Sin embargo, como nos sigue contando Juan de Tapia, algunos hermanos y oficiales de esta hermandad se dieron de baja en ella, pasando a engrosar las nóminas de la citada Hermandad del Consuelo en los Terceros. Pero el problema radicaba en que estos nuevos hermanos del Consuelo comenzaron a salir por las calles de la ciudad pidiendo limosnas en nombre de la Cofradía de Nuestra Señora del Rosario, la que precisamente habían abandonado, con lo que los fieles y devotos eran víctimas de no pocos fraudes cuando comprobaban que sus limosnas no llegaban a la imagen mariana de la capilla anexa al convento de los Dominicos, sino a la de los Terceros. Además se daba el agravante de que la hermandad de Consolación era de gloria, por lo que carecía del derecho de pedir limosna en Cuaresma, reservado, como señalaba Juan de Tapia, a las de penitencia, “ que en el dicho tiempo se les da licencia para pedir limosna “.


Ante esta situación, el representante de Montesión pedía que se tomasen medidas contra la Hermandad de Consolación, “ para que no pida limosna para la Cofradía de Nuestra Señora del Rosario ni en tiempo de Cuaresma y exhiban la licencia que tienen (...) para poder pedirla “. El Provisor conminó a los hermanos de Consolación a que se abstuviesen de pedir tales limosnas en nombre de una cofradía que no era la suya, ordenándoles que presentasen los permisos que tuviesen para ello junto con las Reglas por las que se gobernasen. Así lo hizo, en nombre de su Mayordomo, Fernando de Silva, quien presentó las Reglas solicitadas – aunque en la documentación no se recoge su texto ni su fecha de aprobación – , argumentando en su defensa la necesidad de tales limosnas para poder pagar un vestido que se había confeccionado a su Titular, finalidad para la que insistía en solicitar el oportuno permiso.


Dos días más tarde el Provisor, que a la sazón lo era Don Cristóbal Mansilla, decretó una solución de compromiso entre ambas partes.
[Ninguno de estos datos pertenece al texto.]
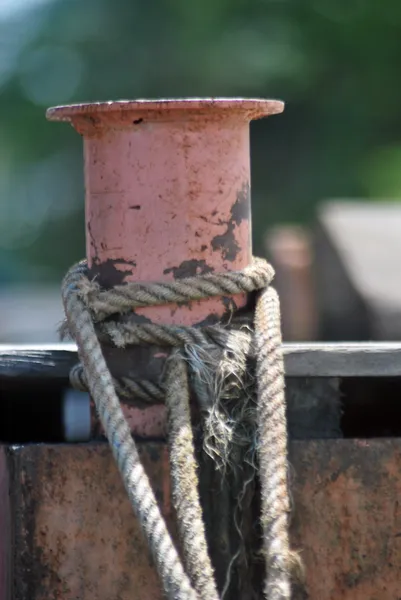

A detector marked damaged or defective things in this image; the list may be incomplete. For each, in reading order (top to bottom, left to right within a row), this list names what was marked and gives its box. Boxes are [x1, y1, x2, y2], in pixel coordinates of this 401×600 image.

rust patch [162, 258, 214, 280]
rust patch [211, 179, 248, 262]
rusty deck edge [0, 340, 398, 378]
rusty metal surface [9, 440, 173, 600]
rusty metal surface [4, 436, 400, 600]
rusty metal surface [290, 438, 400, 596]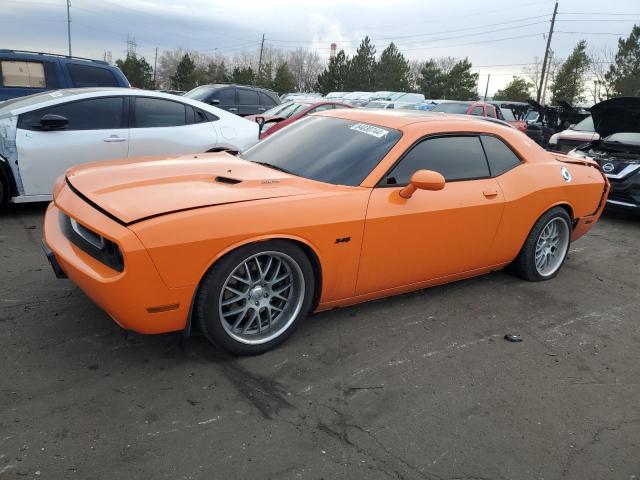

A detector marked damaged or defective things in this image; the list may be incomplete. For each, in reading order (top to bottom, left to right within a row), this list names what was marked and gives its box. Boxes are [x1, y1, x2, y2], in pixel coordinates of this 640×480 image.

cracked pavement [1, 203, 640, 480]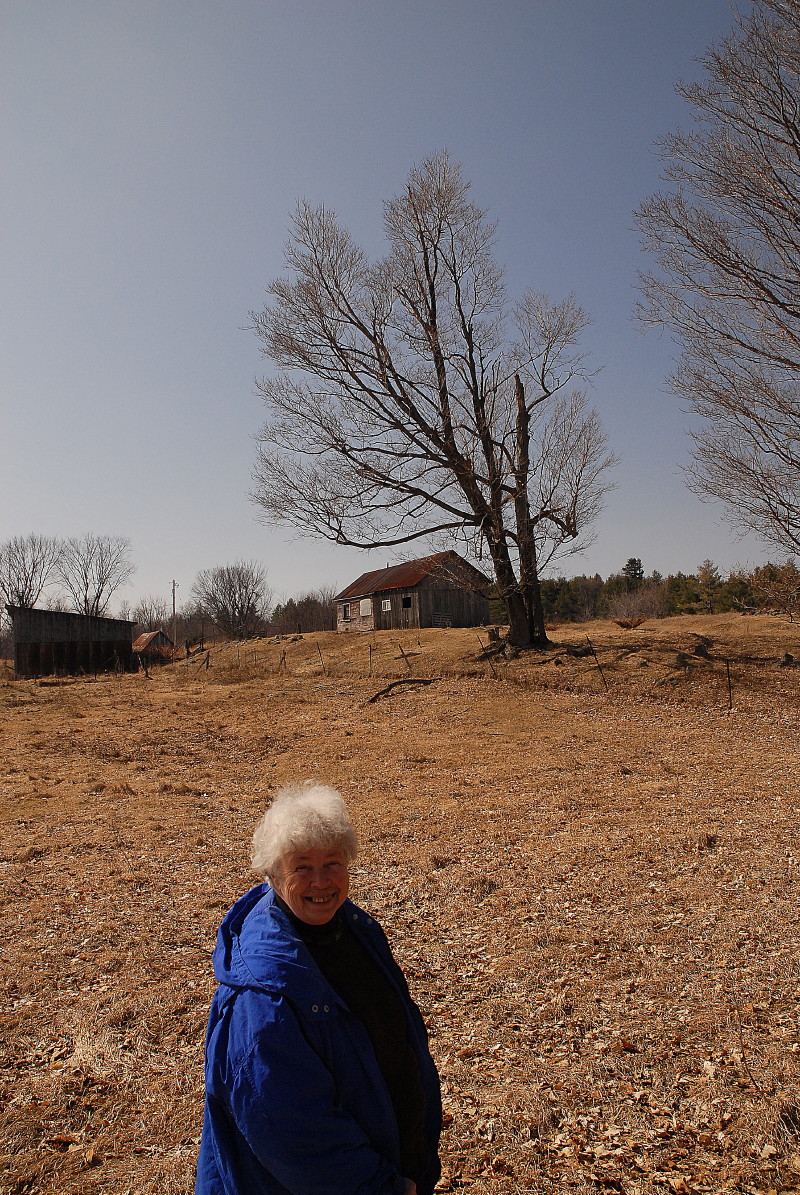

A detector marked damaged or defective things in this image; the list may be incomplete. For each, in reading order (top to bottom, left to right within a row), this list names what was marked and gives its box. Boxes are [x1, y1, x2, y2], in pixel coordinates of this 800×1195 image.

rusty red metal roof [334, 552, 461, 602]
Dos hermanos del Consuelo podrían pedir limosnas para sufragar el vestido de su imagen, pero sólo durante dos meses y absteniéndose de solicitarlas en nombre de Nuestra Señora del Rosario.



A pesar de su brevedad, el documento analizado es muy revelador, en definitiva, de la fuerte identificación de la Hermandad de Montesión con la advocación de Nuestra Señora del Rosario, manifestada como hemos visto en la denuncia que hizo de la indebida utilización de  este título mariano por parte de los hermanos de Consolación, episodio que viene a ilustrarnos sobre la conflictiva vida de nuestras hermandades en el complejo y difícil siglo XVII.












* Publicado en Boletín de la Hermandad de Montesión de Sevilla n º 59 (septiembre de 2001), pág. 11.



[1] ARCHIVO GENERAL DEL ARZOBISPADO DE SEVILLA, sección III (Justicia), serie Colegios, Conventos y Hospitales, legajo 2408: Montesión. Autos Ordinarios (1644).